07-11, 14:20–14:50 (US/Pacific), Ballroom
Over the past year, there has been an increase in the number of libraries that leverage Rust and pyo3 to significantly increase performance. What's the catch? In this talk, we will discuss how the Data Science team at Capital One has been thinking about the power of Rust-backed Python and whether the benefits justify the complexity.
- Introduction (5 minutes)
- Who am I?
- Data Science at Capital One Canada & our expectations of ourselves
- We expect Data Scientists to be comfortable reading/writing Python and SQL
- Using Rust with Python (5 minutes)
- Why?
- At PyCon 2023, we attended talks by the developers of Pydantic and Robyn.
- Our takeaway was that Rust could enable us to introduce significant performance improvements with very few user-facing changes to the API.
- A brief introduction to pyo3 and polars
- Why?
- Benchmarking – what did we gain? (5 minutes)
- Performance benefits for various coding challenges
- Rewriting an entire package in Rust
- Rewriting concrete subclasses in Rust
- Using Polars’ plugin architecture to write specific functions in Rust
- Performance benefits for various coding challenges
- The Big Tradeoff (10 minutes)
- How do we maintain code in a language only a few of us know?
- Are we trying to use an airplane to travel a single city block? Let’s talk about whether the scale of the efficiency gain matches the problem space.
- Introducing the “get a coffee” scale from HDBSCAN and layering on our benchmark results.

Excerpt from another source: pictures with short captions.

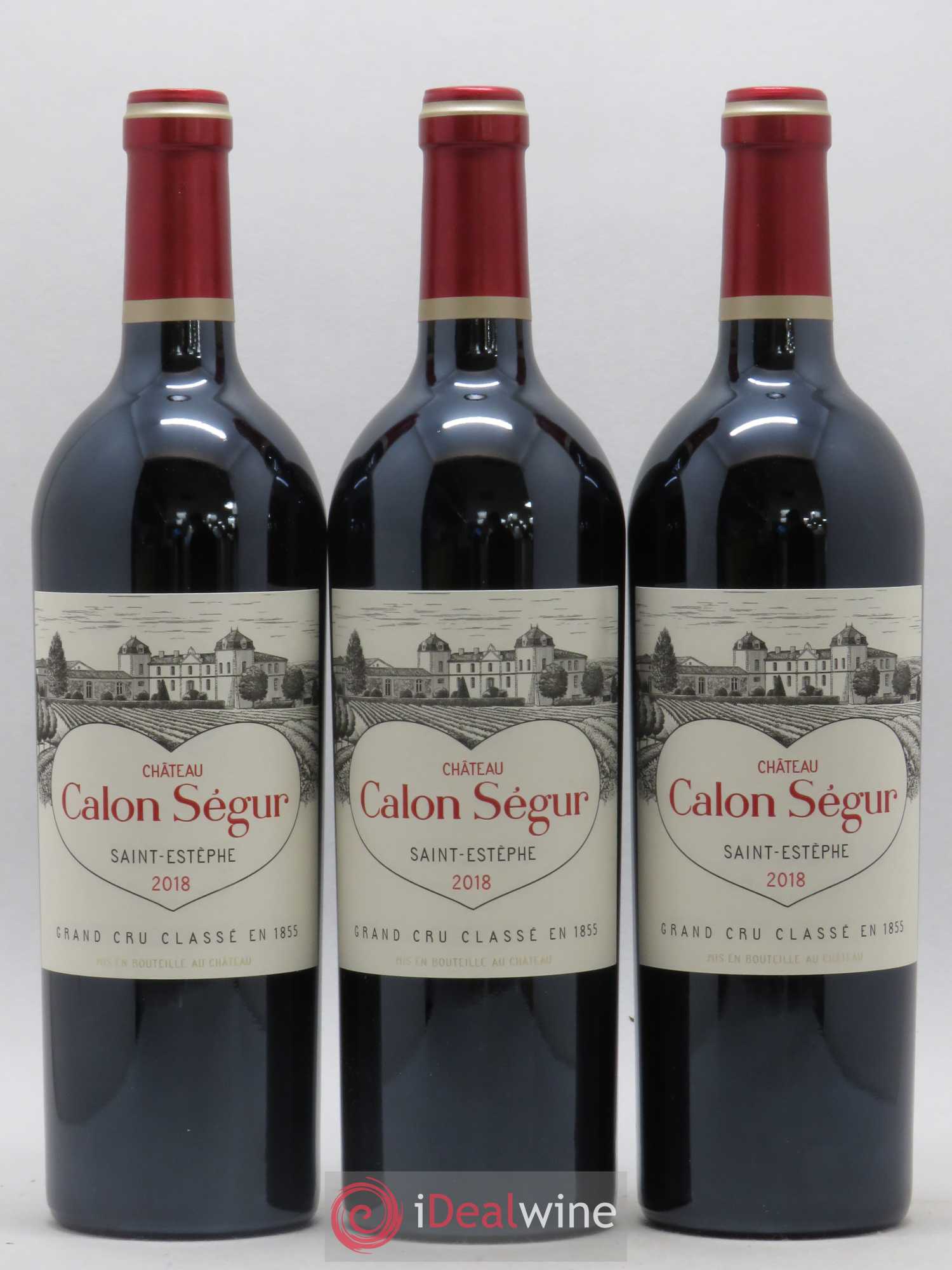 Château Calon Ségur 3ème Grand Cru Classé 2018 - Lot de 6 bouteilles - 2
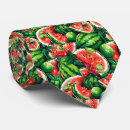 Search for watermelon ties Red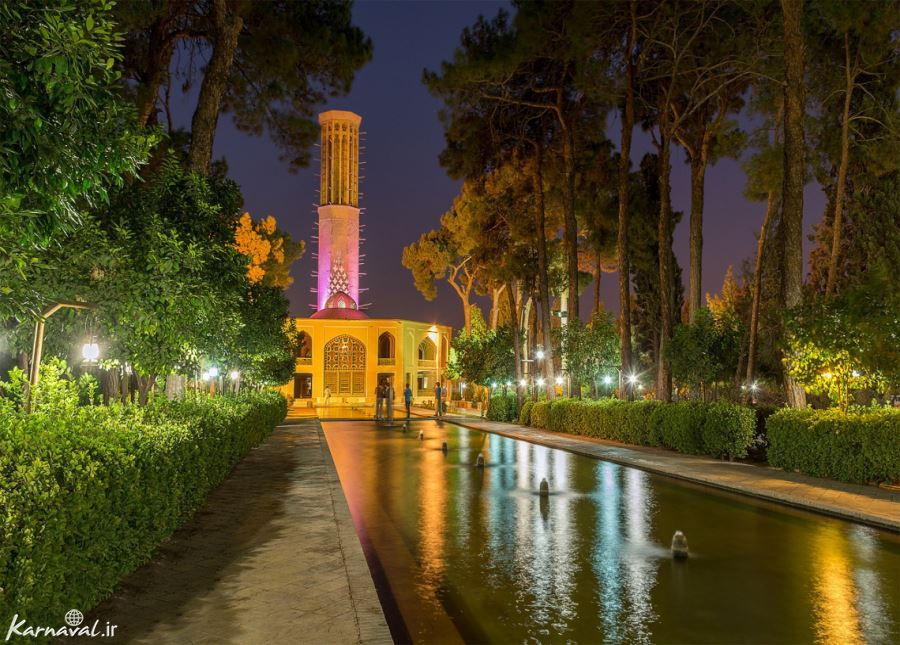 Dowlat Abad Garden, Yazd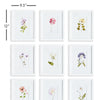 Napa Home & Garden Mountain Flower Petite Prints - Set of 9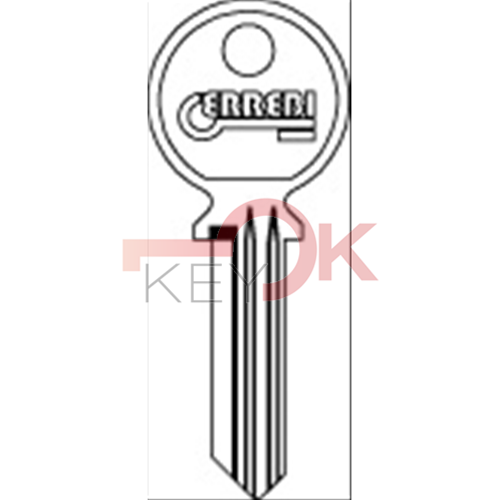 ERREBI - DI1 - PROFILO ESTERO - Acciaio - Steel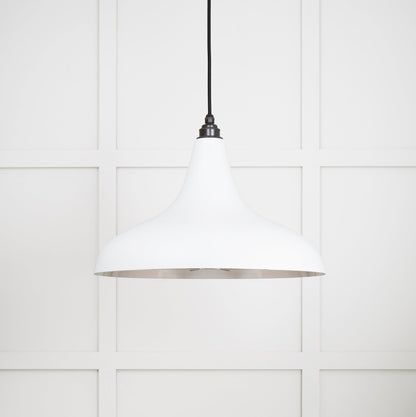 From The Anvil Smooth Nickel Frankley Pendant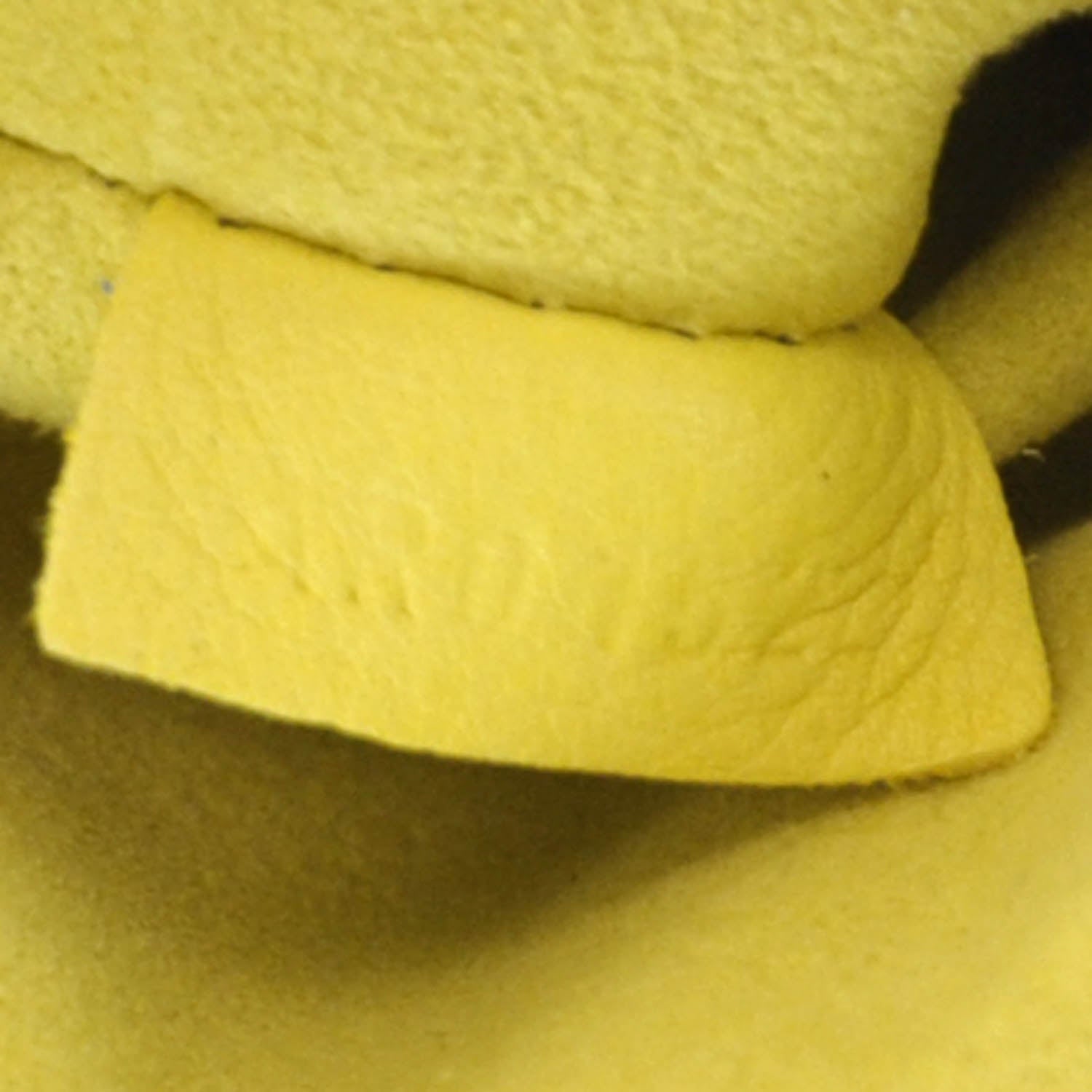 Louis Vuitton Monogram Denim Speedy Round Yellow 12 of 13
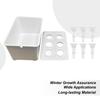 Indoor Hydroponics Growing System 6-Holes Growing Box System Garden Cultivation Box For Vegetables Flowers Fruits Indoor Outdoor
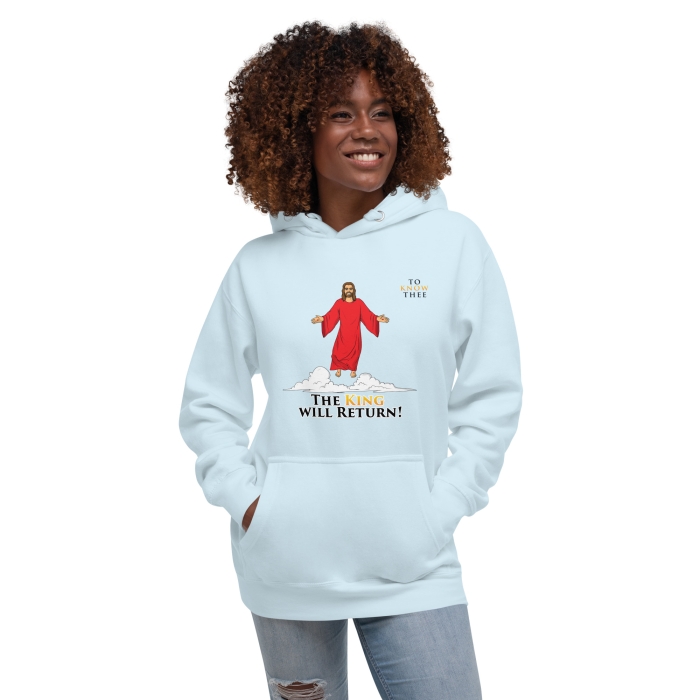 Jesus Second Coming Hoodie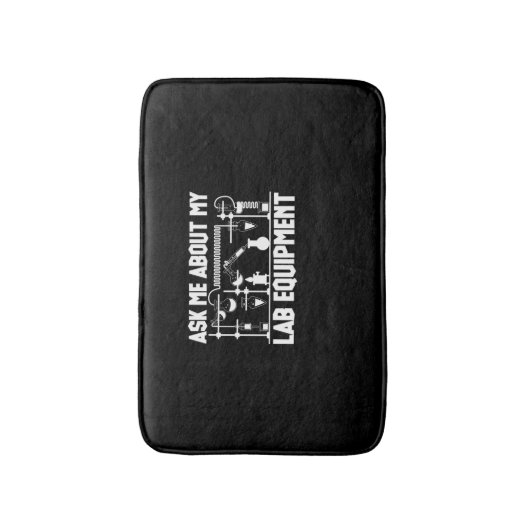 化学先生 バスマット (正面縦)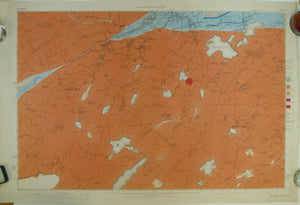 Renfrewshire, 16 and 17 (1870)1:10,560 scale OS basemap 1863. Covers Nelston, New Mearns and Eaglesham. Colour washed engravings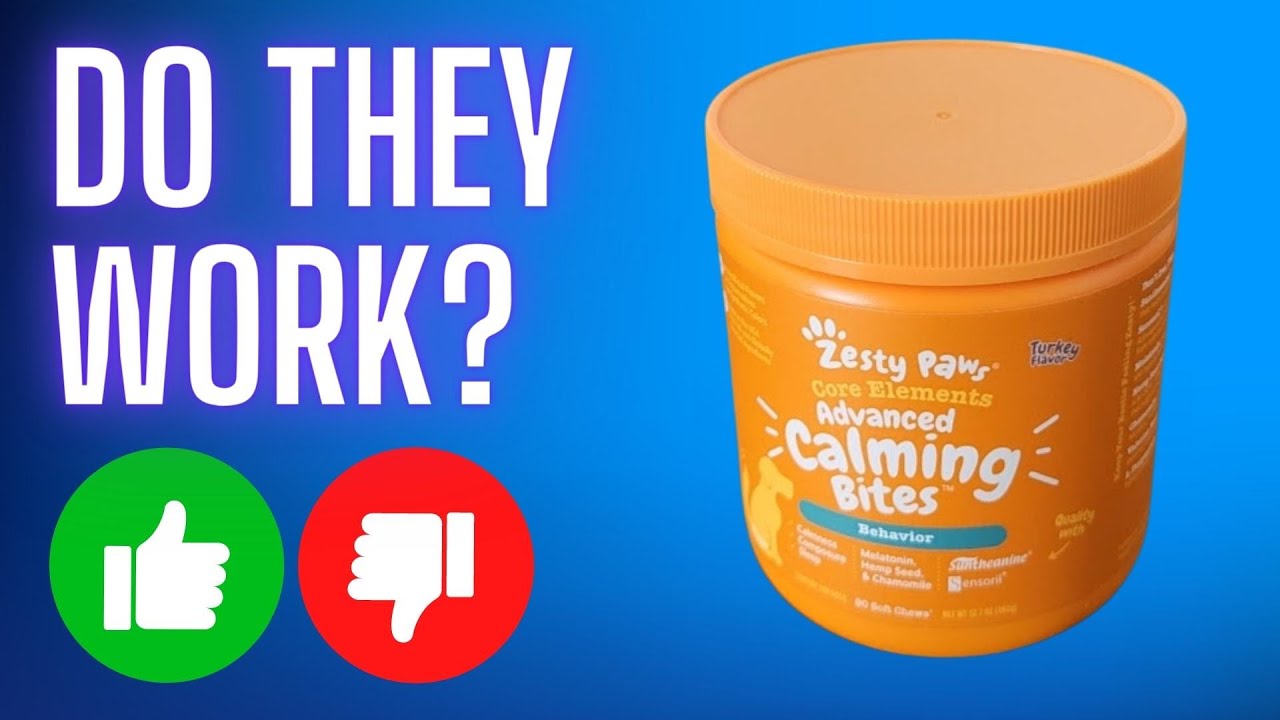 Review: Zesty Paws Calming Chews for Dogs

- What will all of this change if it works perfectly? We want to ensure that refactoring our code will enable the team to experiment more often.
- Equilibrium (5 minutes)
- Are we using Rust? Where?
Akshay Gupta is a Data Scientist and Python developer at Capital One, where he works on building libraries that cover a variety of functions from developer enablement to predictive modelling. Akshay's background is in mathematics & statistics, and he has been in the field for 7 years.